Tesla‘s better-than-expected delivery numbers may buy the electric auto maker time, but they’re not a quick fix for more fundamental issues, Roger McNamee told CNBC on Wednesday.
“This quarter doesn’t solve anything, but it’s way better than what people were expecting,” said McNamee, a venture capitalist turned Silicon Valley critic.
Tesla shattered Wall Street’s expectations with its second quarter delivery and production results. The company said after the bell Tuesday that it delivered 95,200 vehicles, a 51.1% increase over its first quarter results.
Shares of Tesla rose about 5% Wednesday.
“As an analyst, I don’t think we know enough yet, but this is so much better than what we were thinking just a few weeks ago,” McNamee said in a “Squawk on the Street ” interview.
“These are obviously fantastic numbers,” said McNamee. “After the March quarter, there were legitimate concerns about demand and, essentially, the viability of Tesla.”
But McNamee warned the company needs to become better at the basics, such as manufacturing and forecasting, if it wants to “survive” as an auto company.
Since then, Wall Street has been cutting price targets.

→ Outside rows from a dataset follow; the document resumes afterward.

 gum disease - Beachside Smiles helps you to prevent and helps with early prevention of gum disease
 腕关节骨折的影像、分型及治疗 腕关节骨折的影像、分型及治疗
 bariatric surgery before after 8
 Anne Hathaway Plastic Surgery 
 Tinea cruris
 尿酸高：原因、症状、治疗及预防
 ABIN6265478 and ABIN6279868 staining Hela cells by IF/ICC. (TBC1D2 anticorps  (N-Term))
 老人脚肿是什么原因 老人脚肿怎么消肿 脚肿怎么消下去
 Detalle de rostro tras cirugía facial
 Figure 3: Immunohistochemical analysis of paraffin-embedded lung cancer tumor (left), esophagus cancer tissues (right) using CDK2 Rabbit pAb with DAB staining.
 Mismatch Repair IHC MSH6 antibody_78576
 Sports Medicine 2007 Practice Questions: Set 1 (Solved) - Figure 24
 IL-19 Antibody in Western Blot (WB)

UBS last Friday cut its price target on Tesla stock by 20%, making it the third lowest Tesla target this year, according to FactSet.
The company has also seen high-profile departures. Most recently, on Monday, Lucid Motors hired Peter Hochholdinger, Tesla’s former production executive.
“These are really hard engineering businesses that require tremendous discipline,” McNamee said. “Tesla is getting there but it’s getting there in a way that causes investors a lot of heartburn.”
“It feels like it’s harder to get there than it should be,” he added, pointing to Musk’s run-ins with federal regulators over his tweets. However, the Tesla CEO has been largely laying low on Twitter after reaching a revised agreement in April with the Securities and Exchange Commission governing his social media use.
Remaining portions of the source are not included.